Der Plan: Übergangsregierung und neue Verfassung
Nach nicht bestätigten Berichten ägyptischer Medien soll nun ein aus drei Mitgliedern bestehender Präsidialrat gebildet werden, an dessen Spitze der Vorsitzende des Verfassungsgerichts stehen soll. Zudem solle eine neutrale Übergangsregierung gebildet werden, angeführt von einem Militärvertreter. In einer neun- bis zwölfmonatigen Übergangszeit würde dann eine neue Verfassung erarbeitet und der Weg zu Präsidentschaftswahlen geebnet. Aus Militärkreisen verlautete dagegen, bei Berichten über den Zeitplan handle es sich nur um Prognosen.
Tausende auf dem Tahrir-Platz in Kairo
Am Mittwoch waren den ganzen Tag über Mursis Gegner auf den Tahrir-Platz in Kairo geströmt. In Volksfeststimmung ließen sie das Ultimatum auslaufen, jubelten und schwenkten ägyptische Fahnen. Die Proteste richteten sich gegen Pläne Mursis, das Leben in Ägypten strengen islamischen Regeln zu unterwerfen, und gegen die schlechte wirtschaftliche Lage.
USA: “Lage ist unübersichtlich”
Während der vergangenen Tage telefonierte Sisi, der einen Teil seiner Ausbildung in den USA absolviert hatte, mehrmals mit Verteidigungsminister Chuck Hagel. Das teilte das Verteidigungsministerium in Washington mit, machte aber wegen der aus seiner Sicht sensiblen Lage keine weiteren Angaben. Ein Sprecher des US-Außenministeriums sagte, die Lage in Ägypten sei derzeit unübersichtlich. Man könne nicht bestätigen, dass das Militär einen Putsch begonnen habe.
International zeigte man sich besorgt über die Lage in Ägypten: EU-Außenbeauftragte Cathrine Ashton rief zum Dialog auf, ebenso wie das deutsche Auswärtige Amt. Der saudi-arabische Großmufti Abdulaziz Al al-Scheich rief die Ägypter zur Zusammenarbeit und zur Vermeidung schwerer Auseinandersetzungen auf.

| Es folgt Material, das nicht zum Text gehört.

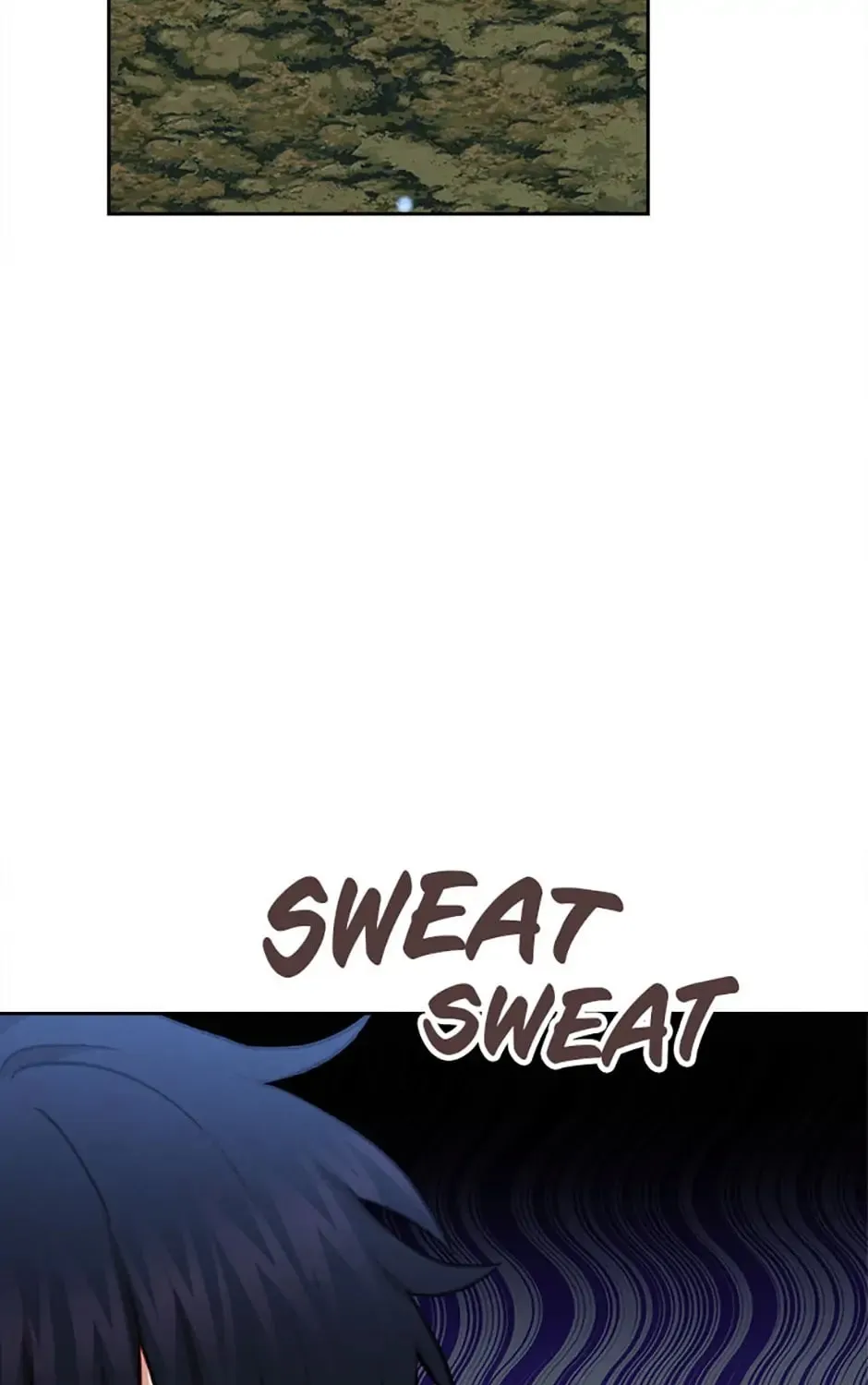 Viewer's Choice: The Dating Show Chapter 39 page 90 -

Börse reagiert mit steigendem Ölpreis
Die Krise schlug auch auf die Märkte durch: Der Leitindex der Kairoer Börse fiel um 1,5 Prozent, das ägyptische Pfund gab gegenüber dem Dollar nach, und auch der Ölpreis zog auf ein 14-Monatshoch an. Die ägyptische Zentralbank ordnete die Schließung aller Banken bis Donnerstag an.